» Work to be completed
Give again every line from the one with "Building Photo - 498 Woodford Dr" through the last line of the data, exactly, and leave out the lines before it.

» Collected data












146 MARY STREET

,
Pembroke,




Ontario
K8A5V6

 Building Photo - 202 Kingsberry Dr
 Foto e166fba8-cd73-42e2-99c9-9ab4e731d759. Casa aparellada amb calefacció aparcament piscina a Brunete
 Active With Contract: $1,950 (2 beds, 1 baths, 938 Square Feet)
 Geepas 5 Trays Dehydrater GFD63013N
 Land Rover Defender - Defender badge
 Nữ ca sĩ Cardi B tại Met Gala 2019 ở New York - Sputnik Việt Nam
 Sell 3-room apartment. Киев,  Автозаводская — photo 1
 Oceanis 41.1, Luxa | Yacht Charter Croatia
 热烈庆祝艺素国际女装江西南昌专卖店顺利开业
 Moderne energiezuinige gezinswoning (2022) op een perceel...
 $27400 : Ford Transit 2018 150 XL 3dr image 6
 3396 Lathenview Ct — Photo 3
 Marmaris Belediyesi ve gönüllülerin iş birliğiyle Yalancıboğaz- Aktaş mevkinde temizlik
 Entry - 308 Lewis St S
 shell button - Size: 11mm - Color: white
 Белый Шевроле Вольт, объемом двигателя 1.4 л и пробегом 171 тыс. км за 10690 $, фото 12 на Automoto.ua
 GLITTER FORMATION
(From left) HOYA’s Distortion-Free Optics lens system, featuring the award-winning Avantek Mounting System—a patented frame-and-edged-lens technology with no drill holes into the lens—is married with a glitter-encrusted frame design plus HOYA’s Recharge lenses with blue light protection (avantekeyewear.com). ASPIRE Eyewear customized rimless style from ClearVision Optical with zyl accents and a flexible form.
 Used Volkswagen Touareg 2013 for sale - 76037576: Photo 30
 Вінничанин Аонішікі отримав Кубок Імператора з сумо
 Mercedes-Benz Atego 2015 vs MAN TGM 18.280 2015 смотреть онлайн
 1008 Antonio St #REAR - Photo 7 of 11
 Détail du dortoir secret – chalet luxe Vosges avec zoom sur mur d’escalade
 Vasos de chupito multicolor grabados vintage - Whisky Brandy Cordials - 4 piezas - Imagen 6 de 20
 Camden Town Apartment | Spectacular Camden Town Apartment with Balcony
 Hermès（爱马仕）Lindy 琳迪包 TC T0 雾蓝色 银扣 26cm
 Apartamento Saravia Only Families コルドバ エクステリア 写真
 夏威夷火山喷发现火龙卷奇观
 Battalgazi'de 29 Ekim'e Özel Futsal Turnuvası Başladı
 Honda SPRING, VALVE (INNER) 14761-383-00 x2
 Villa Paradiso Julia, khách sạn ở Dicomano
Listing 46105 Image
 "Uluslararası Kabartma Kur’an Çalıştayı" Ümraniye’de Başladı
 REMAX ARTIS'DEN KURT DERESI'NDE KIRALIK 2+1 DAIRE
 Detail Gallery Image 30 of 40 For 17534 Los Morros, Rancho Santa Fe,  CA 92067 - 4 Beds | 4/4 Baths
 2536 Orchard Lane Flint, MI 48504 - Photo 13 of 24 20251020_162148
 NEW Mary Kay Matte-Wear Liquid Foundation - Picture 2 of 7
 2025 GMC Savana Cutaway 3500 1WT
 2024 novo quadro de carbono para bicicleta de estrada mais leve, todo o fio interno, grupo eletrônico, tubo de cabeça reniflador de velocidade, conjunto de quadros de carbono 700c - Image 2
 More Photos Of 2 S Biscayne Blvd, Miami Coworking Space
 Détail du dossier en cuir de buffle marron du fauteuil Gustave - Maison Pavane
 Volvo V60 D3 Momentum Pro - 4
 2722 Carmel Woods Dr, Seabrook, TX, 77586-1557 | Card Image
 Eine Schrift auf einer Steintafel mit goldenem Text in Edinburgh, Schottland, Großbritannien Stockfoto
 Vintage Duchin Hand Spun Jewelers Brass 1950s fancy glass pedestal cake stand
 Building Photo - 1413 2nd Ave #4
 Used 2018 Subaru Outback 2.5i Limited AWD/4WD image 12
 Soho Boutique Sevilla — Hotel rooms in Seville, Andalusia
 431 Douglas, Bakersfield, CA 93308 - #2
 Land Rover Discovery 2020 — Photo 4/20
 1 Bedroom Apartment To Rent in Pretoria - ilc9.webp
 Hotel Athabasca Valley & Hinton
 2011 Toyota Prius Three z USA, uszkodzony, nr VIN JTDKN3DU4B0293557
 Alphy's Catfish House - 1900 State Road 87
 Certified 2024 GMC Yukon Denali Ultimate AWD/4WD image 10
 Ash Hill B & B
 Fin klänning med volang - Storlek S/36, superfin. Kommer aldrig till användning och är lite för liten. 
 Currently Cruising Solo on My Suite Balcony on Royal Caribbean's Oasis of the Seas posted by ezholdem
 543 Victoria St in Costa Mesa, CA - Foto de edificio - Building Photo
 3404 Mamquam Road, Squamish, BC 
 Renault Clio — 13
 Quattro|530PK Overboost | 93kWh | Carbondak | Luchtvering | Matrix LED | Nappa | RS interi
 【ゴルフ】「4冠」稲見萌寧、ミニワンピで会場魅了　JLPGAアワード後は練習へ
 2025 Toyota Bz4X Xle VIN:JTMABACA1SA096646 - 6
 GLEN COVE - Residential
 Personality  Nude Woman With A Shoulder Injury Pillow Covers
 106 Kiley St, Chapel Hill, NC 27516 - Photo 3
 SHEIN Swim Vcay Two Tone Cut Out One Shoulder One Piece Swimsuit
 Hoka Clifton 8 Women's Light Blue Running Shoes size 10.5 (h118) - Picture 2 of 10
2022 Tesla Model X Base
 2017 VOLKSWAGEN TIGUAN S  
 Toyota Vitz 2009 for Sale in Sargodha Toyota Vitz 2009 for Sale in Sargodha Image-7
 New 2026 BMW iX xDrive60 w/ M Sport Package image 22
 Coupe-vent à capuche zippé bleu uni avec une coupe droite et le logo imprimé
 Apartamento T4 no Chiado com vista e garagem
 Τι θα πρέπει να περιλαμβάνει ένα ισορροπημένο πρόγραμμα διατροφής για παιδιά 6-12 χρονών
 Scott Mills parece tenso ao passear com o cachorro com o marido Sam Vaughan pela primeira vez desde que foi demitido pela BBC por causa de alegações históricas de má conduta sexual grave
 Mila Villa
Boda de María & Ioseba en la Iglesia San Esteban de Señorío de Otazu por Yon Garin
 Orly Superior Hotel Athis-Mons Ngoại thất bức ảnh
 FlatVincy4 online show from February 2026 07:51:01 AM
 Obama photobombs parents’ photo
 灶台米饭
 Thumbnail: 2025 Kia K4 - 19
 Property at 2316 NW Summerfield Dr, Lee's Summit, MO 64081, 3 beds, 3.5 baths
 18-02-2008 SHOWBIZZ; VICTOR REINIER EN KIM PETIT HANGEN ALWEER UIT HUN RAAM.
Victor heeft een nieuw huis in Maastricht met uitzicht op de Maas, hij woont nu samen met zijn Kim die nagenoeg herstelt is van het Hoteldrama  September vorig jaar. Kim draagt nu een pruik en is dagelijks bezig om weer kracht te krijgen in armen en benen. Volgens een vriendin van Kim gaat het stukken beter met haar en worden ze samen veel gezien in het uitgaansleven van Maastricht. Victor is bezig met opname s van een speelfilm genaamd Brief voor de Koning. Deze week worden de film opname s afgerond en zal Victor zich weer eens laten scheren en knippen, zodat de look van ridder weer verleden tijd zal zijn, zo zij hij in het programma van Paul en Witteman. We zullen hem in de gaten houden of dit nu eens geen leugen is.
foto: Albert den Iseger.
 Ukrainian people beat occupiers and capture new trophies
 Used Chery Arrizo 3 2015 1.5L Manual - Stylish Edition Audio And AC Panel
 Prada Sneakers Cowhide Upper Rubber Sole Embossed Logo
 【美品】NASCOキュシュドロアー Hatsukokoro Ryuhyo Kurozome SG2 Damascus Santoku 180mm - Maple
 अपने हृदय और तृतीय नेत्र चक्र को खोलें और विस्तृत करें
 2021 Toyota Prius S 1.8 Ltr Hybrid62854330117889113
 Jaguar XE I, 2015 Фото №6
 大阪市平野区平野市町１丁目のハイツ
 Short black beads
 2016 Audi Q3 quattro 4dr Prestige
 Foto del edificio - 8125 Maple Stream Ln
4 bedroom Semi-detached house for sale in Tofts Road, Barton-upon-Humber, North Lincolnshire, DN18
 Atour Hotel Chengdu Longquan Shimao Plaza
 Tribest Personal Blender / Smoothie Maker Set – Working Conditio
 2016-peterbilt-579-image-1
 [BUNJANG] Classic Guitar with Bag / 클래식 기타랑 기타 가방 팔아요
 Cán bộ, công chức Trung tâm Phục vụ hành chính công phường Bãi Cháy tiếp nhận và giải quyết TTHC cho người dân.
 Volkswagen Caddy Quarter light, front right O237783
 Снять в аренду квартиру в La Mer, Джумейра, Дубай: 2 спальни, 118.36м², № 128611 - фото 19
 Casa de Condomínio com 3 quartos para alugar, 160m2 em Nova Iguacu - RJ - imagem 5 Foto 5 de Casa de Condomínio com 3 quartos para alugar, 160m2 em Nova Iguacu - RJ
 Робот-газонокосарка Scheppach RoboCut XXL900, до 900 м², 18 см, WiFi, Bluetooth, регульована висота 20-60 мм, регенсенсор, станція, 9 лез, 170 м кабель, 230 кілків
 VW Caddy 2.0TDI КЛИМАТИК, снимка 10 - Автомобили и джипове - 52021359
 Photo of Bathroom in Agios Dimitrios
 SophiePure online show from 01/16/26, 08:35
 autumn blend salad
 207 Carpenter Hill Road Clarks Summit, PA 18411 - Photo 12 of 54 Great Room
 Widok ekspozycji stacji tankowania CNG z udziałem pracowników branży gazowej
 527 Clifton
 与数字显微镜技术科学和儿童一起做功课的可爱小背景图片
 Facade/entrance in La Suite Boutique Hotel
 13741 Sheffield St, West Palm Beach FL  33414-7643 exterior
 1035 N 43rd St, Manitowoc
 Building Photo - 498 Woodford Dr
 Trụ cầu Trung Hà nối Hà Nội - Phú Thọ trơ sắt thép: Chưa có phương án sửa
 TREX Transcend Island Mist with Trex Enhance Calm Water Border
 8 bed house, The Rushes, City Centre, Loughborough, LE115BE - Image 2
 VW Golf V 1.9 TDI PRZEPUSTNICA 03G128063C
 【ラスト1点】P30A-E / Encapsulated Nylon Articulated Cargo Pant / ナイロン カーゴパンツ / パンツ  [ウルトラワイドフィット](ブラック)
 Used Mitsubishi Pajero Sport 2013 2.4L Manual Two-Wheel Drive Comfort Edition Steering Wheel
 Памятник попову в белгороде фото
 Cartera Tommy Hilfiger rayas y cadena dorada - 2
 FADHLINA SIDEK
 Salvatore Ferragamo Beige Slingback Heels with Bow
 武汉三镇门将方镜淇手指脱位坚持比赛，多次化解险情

» Solution to the problem
 Building Photo - 498 Woodford Dr
 Trụ cầu Trung Hà nối Hà Nội - Phú Thọ trơ sắt thép: Chưa có phương án sửa
 TREX Transcend Island Mist with Trex Enhance Calm Water Border
 8 bed house, The Rushes, City Centre, Loughborough, LE115BE - Image 2
 VW Golf V 1.9 TDI PRZEPUSTNICA 03G128063C
 【ラスト1点】P30A-E / Encapsulated Nylon Articulated Cargo Pant / ナイロン カーゴパンツ / パンツ  [ウルトラワイドフィット](ブラック)
 Used Mitsubishi Pajero Sport 2013 2.4L Manual Two-Wheel Drive Comfort Edition Steering Wheel
 Памятник попову в белгороде фото
 Cartera Tommy Hilfiger rayas y cadena dorada - 2
 FADHLINA SIDEK
 Salvatore Ferragamo Beige Slingback Heels with Bow
 武汉三镇门将方镜淇手指脱位坚持比赛，多次化解险情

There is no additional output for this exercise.